Snap Stock Falls 1.2% to $6.10 Before Earnings
Snap stock fell 1.2% to $6.10 in after-hours trading on May 5, 2026, after closing the regular session at $6.17. The move came hours before Snap Inc. reports first-quarter 2026 earnings after market close on May 6, putting the stock back in focus as traders positioned for the print.
Wall Street Wants $1.53 Billion
Wall Street expects $0.10 in earnings per share and $1.53 billion in revenue, a 12.5% year-over-year increase. For holders, that means the next readout has to show more than headline growth; it needs to prove Snap can turn higher sales into a cleaner profit line after a year of pressure.
Mark Zgutowicz of Benchmark reiterated a Hold rating, and the consensus still sits at Hold with 4 Buy ratings, 13 Hold ratings, and 2 Sell ratings. That split leaves the stock without a clear conviction call even as the market is about to get a new set of numbers to test the current view.
Snap's Profitability Gap
A negative price-to-earnings ratio of -23.44, a net profit margin of -7.8%, and return on equity of -20.7% show why the earnings release matters beyond revenue. Snap is still being measured against the gap between growth and durable earnings, not just against how much sales can rise in a quarter.
$0.38 in operating cash flow per share and $0.26 in free cash flow per share give the company some cash-generation support, but the balance sheet still carries a 2.06x debt-to-equity ratio. With a current ratio of 3.56x, Snap has liquidity room, yet profitability remains the harder test.
Trading Signals Before May 6
48.1 million shares changed hands in after-hours trading, versus a 52.4 million daily average, showing heavy positioning into the report. The stock also sits with an RSI reading of 63.47, a MACD histogram of 0.04, and an ADX of 30.11, while Bollinger Bands point to resistance at $6.65 and support at $4.69.

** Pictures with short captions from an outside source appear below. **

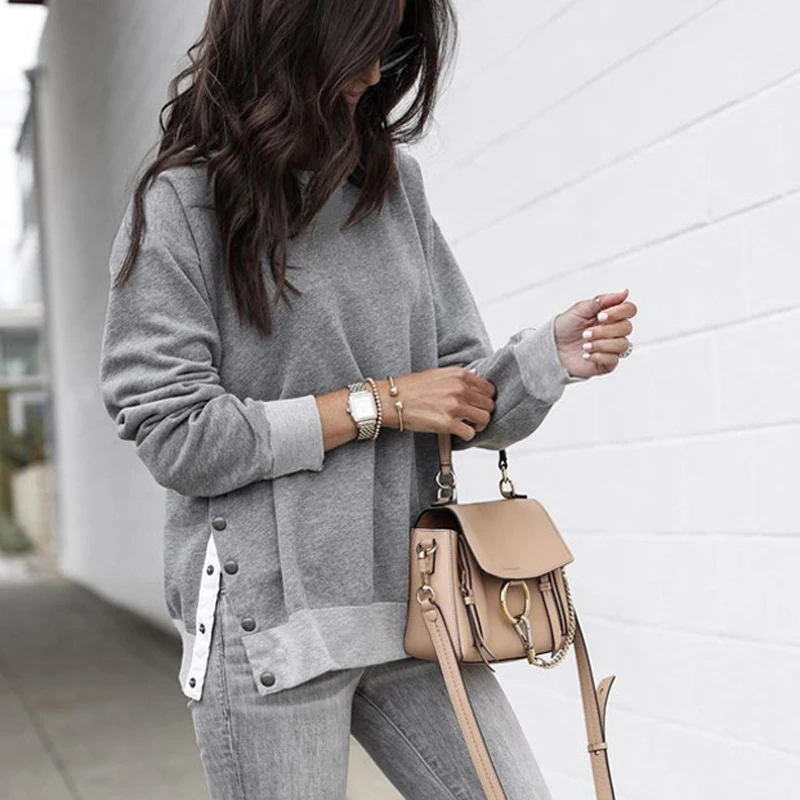 

Kate Kasin Fashion Women Long Sleeve Pullover Tops Solid Color Ladies Pullovers 2019 Autumn Round Neck Sweatshirt Female Jumper
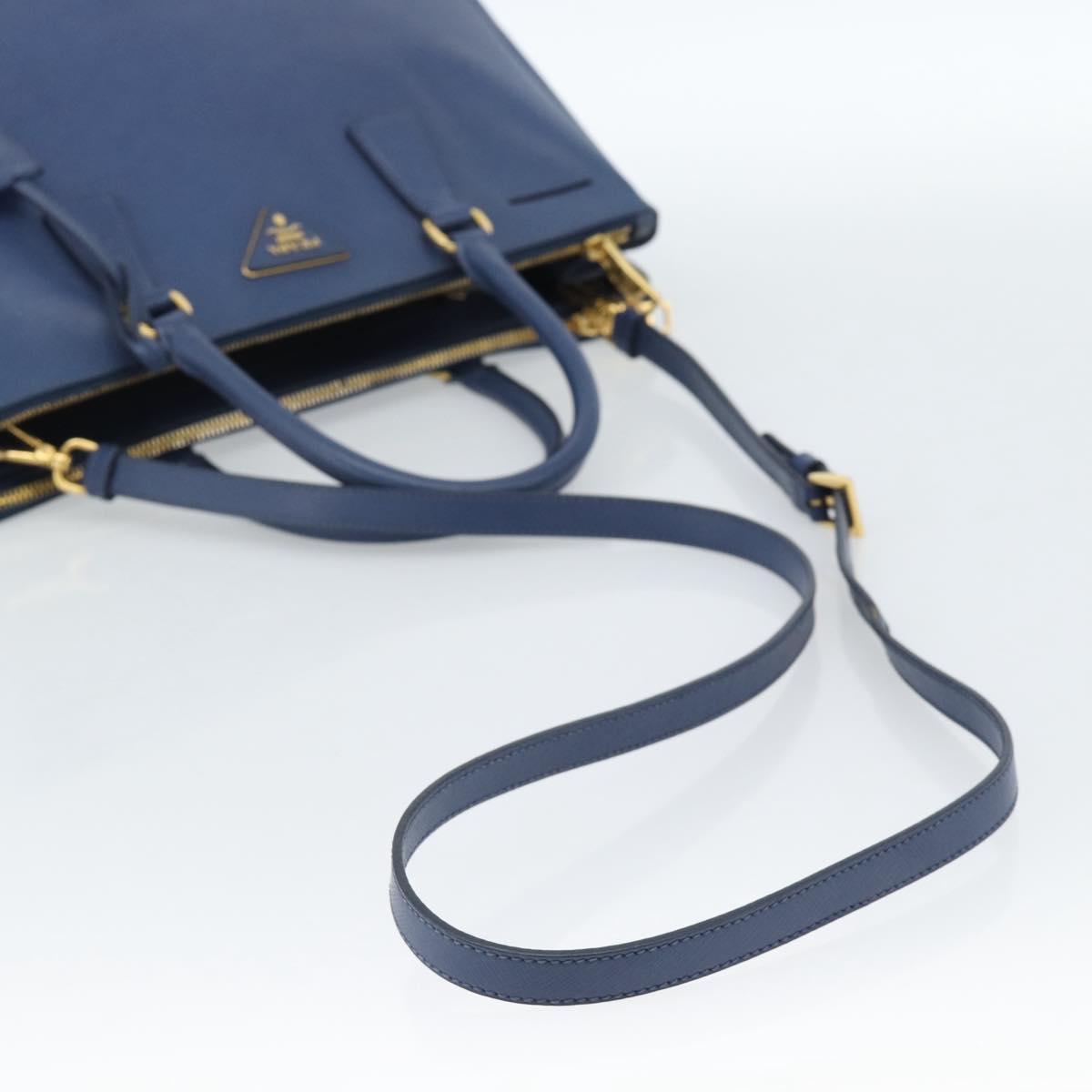 PRADA Galleria Hand Bag Safiano leather 2way Blue Gold Auth 182959A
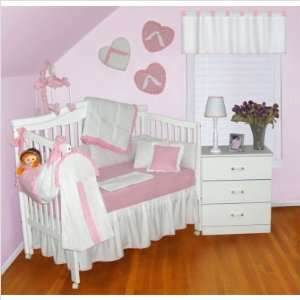  Babykins White Pink Nursery Baby Girl 7 PC Crib Bedding Set Baby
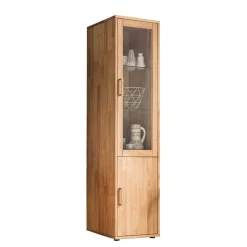 Wohnen Wohnwand Standvitrine aus Holz - Teano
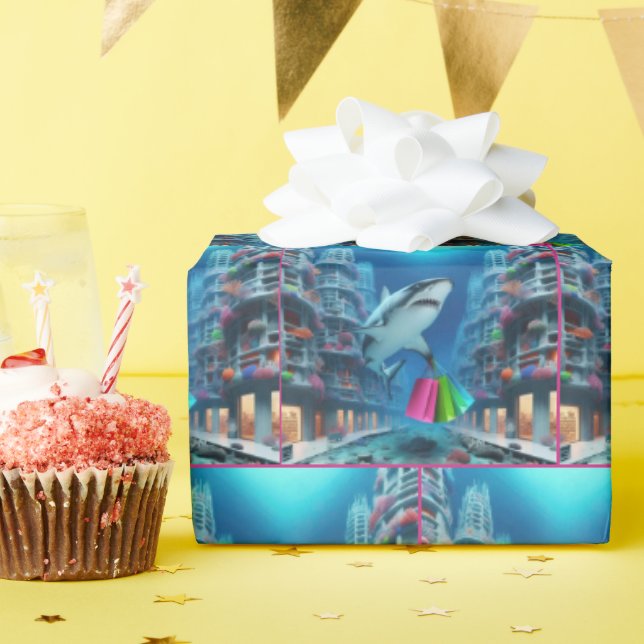 Shark Shopping In Underwater Downtown  Wrapping Paper (Birthday Party)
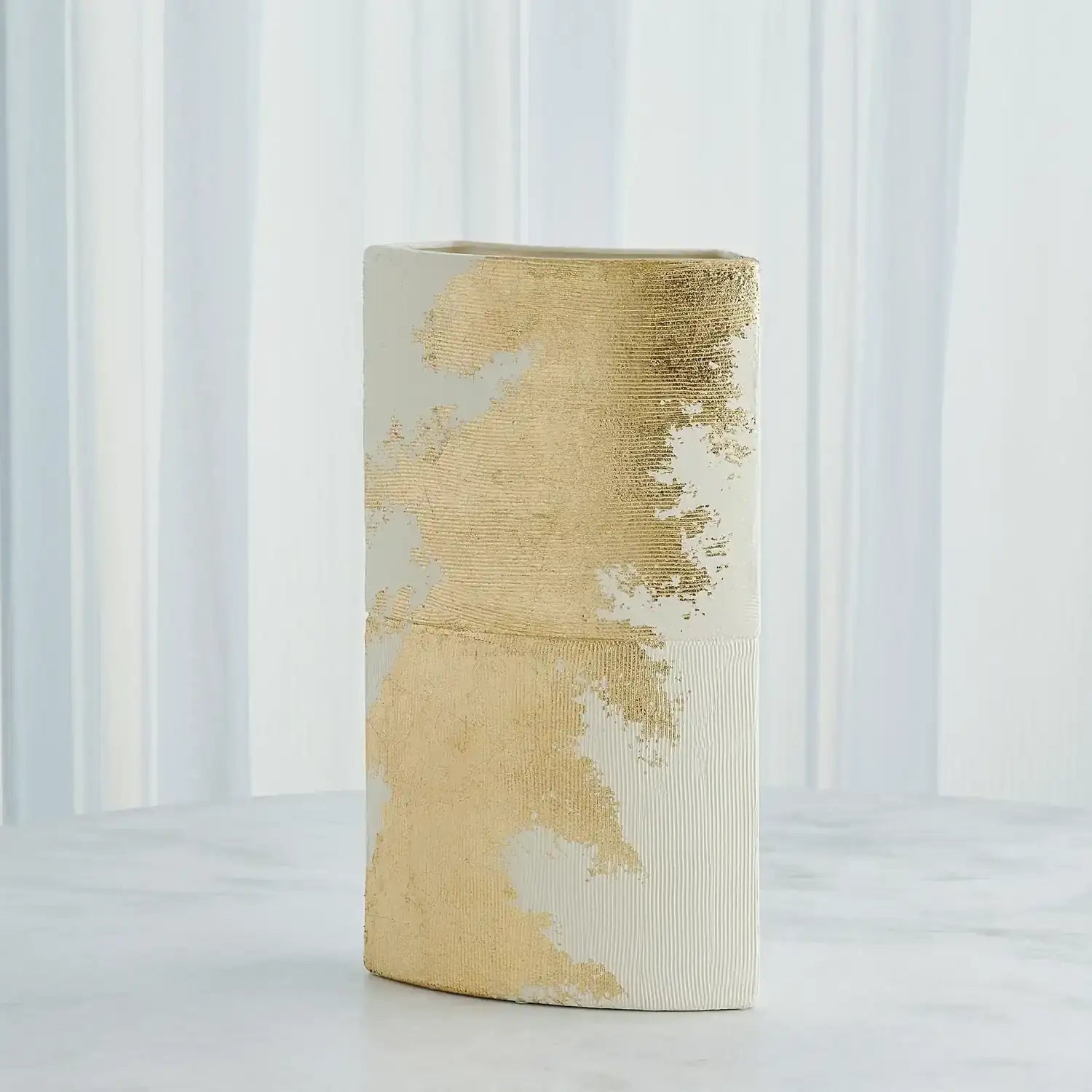 GLOBAL VIEWS SPLASHY GOLD LEAF VASE - Decorative Accents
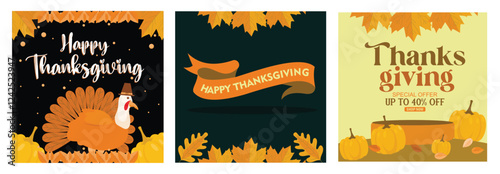 Festive Thanksgiving banners with seasonal themes and decorative illustrations.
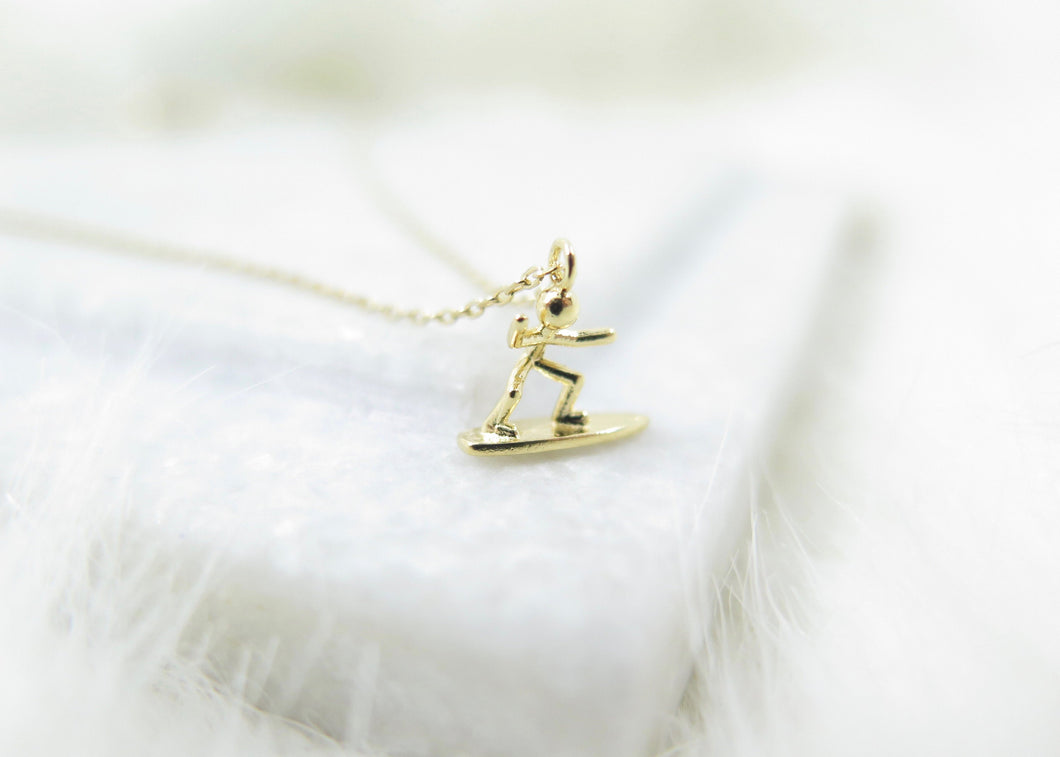 Gold Plated Tiny Surfer Necklace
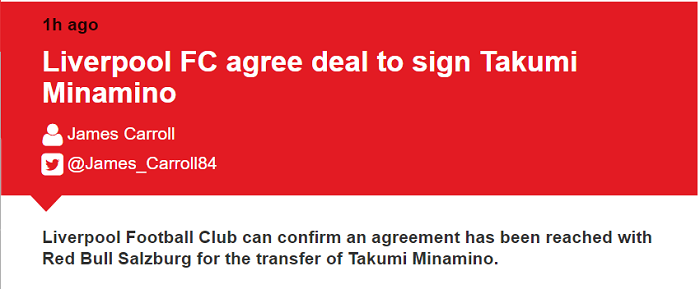 Liverpool chiêu mộ thành công Takumi Minamino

31% gains over the past month and 4.6% over the last five days have helped repair part of the chart, but the longer stretch still shows Snap down 27.8% over the past year and 23.5% year-to-date. If the company matches the $1.53 billion revenue target and avoids another margin setback, the stock starts the next session with clearer evidence that the recent bounce has more than momentum behind it.